Exercise details: Among the entries below, take the line with "Умивальник Rea Cristal" and the line with "Astronaut sitting on a rocket book.", and output them and every line between them exactly, with nothing else.

Information Start Marker

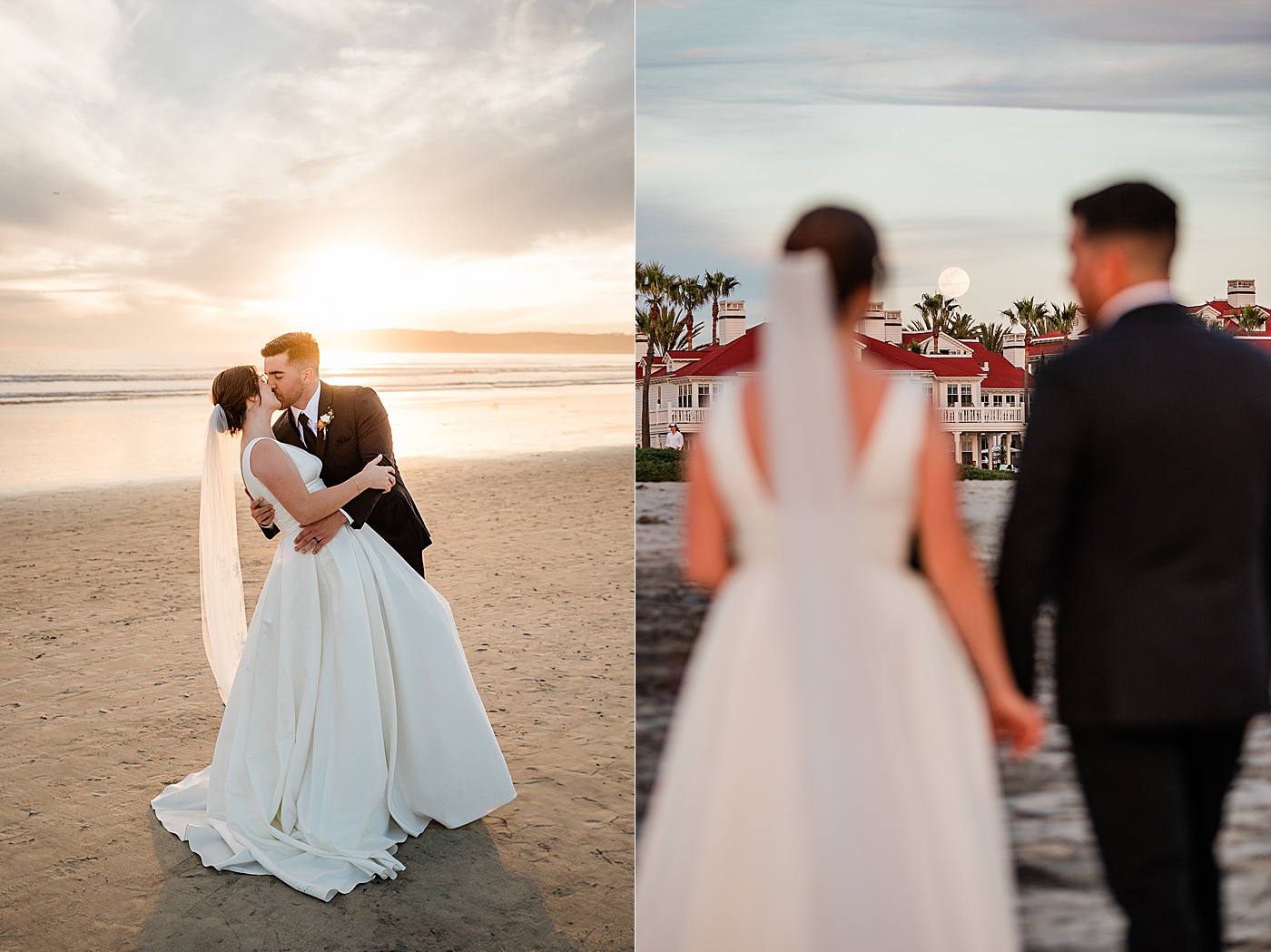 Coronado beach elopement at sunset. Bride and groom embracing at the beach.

Information End Marker
Information Start Marker

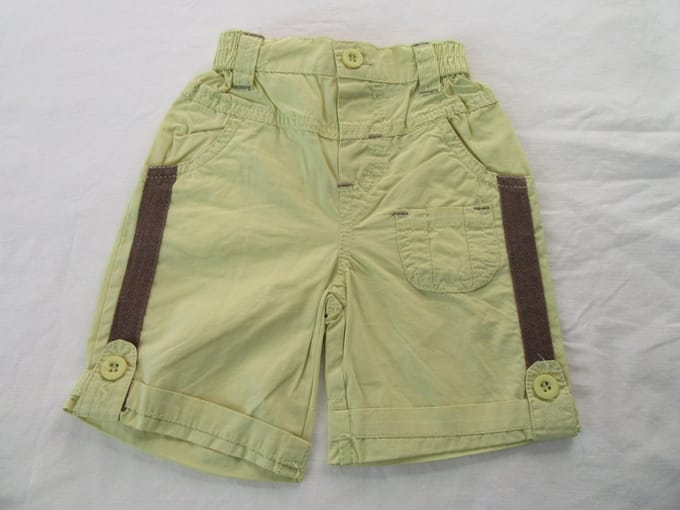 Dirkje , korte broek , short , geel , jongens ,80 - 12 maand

Information End Marker
Information Start Marker

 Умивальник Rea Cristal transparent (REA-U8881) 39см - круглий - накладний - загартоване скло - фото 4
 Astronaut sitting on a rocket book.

Information End Marker

Solution to this exercise:
 Умивальник Rea Cristal transparent (REA-U8881) 39см - круглий - накладний - загартоване скло - фото 4
 Astronaut sitting on a rocket book.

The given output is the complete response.